Cinematographer Halyna Hutchins died in the Oct. 21 shooting on the New Mexico movie set, and director Joel Souza was injured. Baldwin claims he was told the gun was not loaded and only held dummy rounds after a crew member yelled out “cold gun.” The fatal shooting is under investigation.
Body camera video from investigators provides new insight into the tragic shooting.
First interactions between Baldwin and police
The newly released body camera footage shows some of the first interactions between Baldwin and investigators following the shooting. Baldwin appears shaken yet calm during his encounters with officers.
In one of the body camera videos, a detective asks if Baldwin is OK, to which he replies, “No, I’m not, actually.”
Baldwin cooperated with the police. They asked him to come to their station to answer questions.
“You tell me what to do,” Baldwin said.
Later, police spotted blood on Baldwin’s costume, though the actor said it was fake blood. Officers asked that he remain in his costume, and the actor complied.
“Please tell me she’s still alive”
Blurred police body camera footage shows director Joel Souza in a hospital bed after he was shot. Moments before doctors removed the bullet lodged in his shoulder, Souza told the officer what happened.
“The armorer handed the actor a gun,” Souza said, referring to armorer Hannah Gutierrez Reed and Baldwin. “I don’t know if she said it was cold or clean, but she handed him a gun, and there was a bang — a louder bang than I’ve heard come from a blank before.”
Souza also described the moment he realized he was hit.
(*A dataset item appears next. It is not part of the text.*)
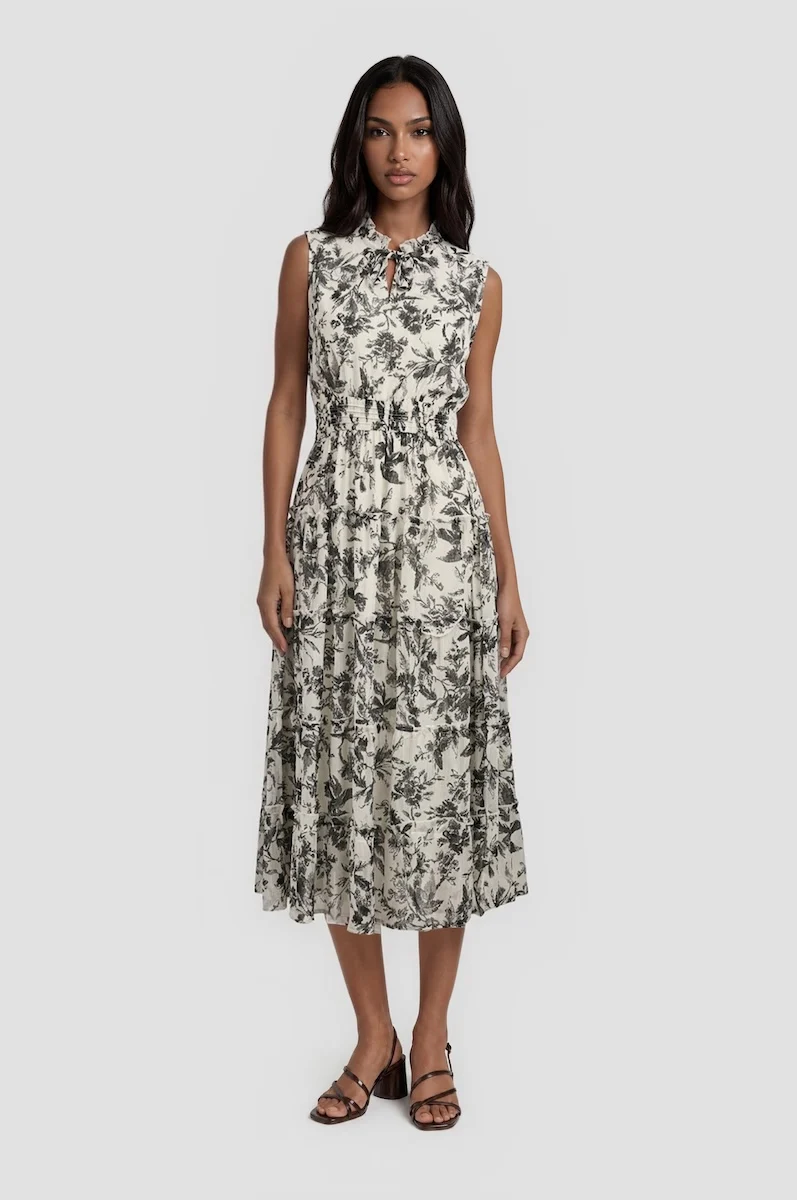 Sleeveless Tiered Midi Dress - Cream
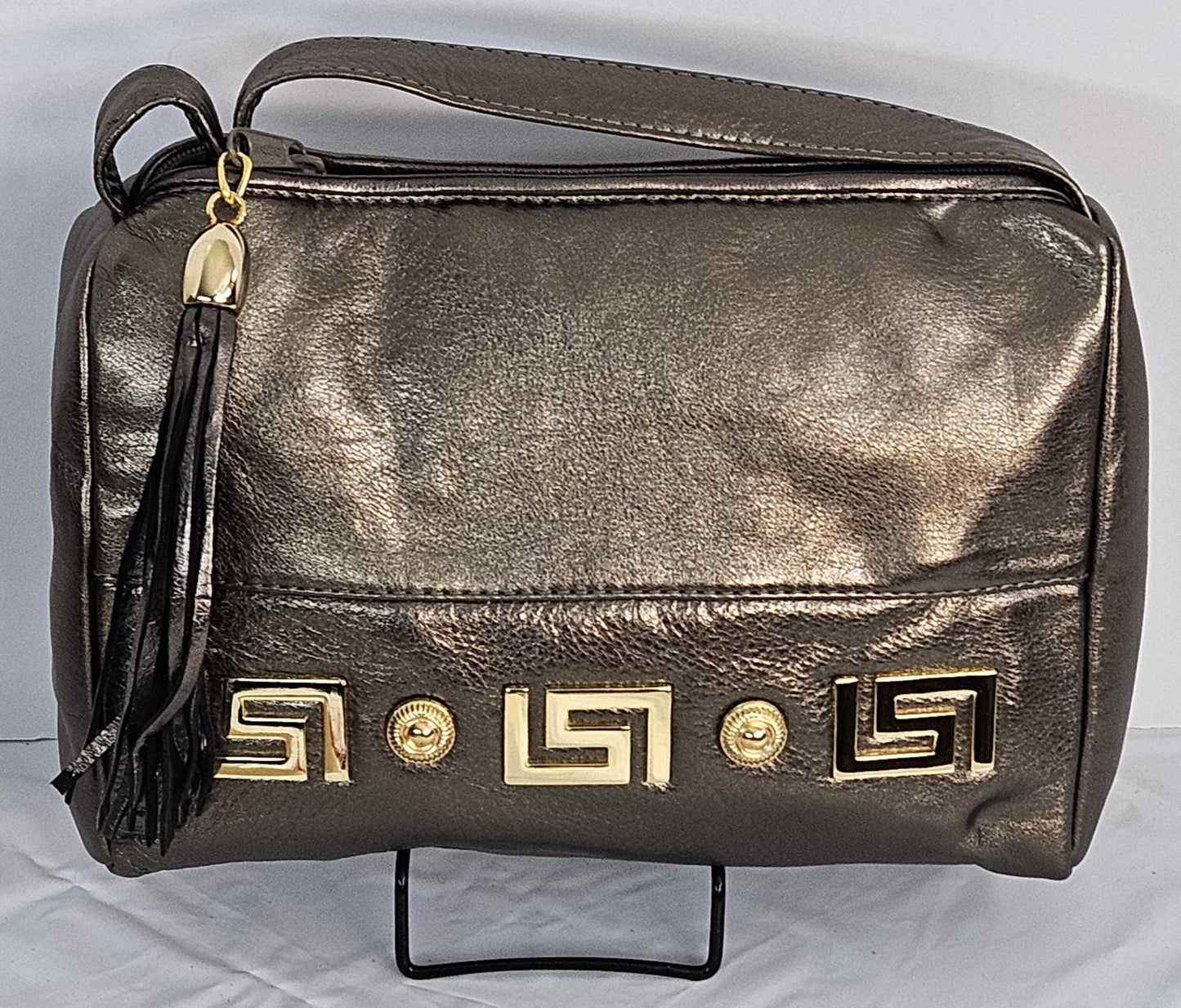 Pewter Shining Genuine Leather Handbag gold matel Z&buttons design#TR2018P1-gmzb.Made in USA.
“Very loud bang, felt like somebody kicked me in the shoulder,” Souza said. “Then I was down on my a**, and I see the cinematographer, Halyna Hutchins, with blood coming out of her back.”
This all took place before Souza was told Hutchins died from her wound. He asked the officer if he knew if Hutchins was OK, but the officer didn’t. About 15 minutes later, while under the influence of medicine, Souza again asked about Hutchins:
Souza: Is Halyna still alive?
Female doctor: We’re going to have to find out in just a little bit, OK?
Souza: Please tell me she’s still alive.
Male doctor: I’m sure she’s fine. She’s just not here.
Souza: This is like a movie.
Female doctor: What’s your movie about Joel? The one you’re filming?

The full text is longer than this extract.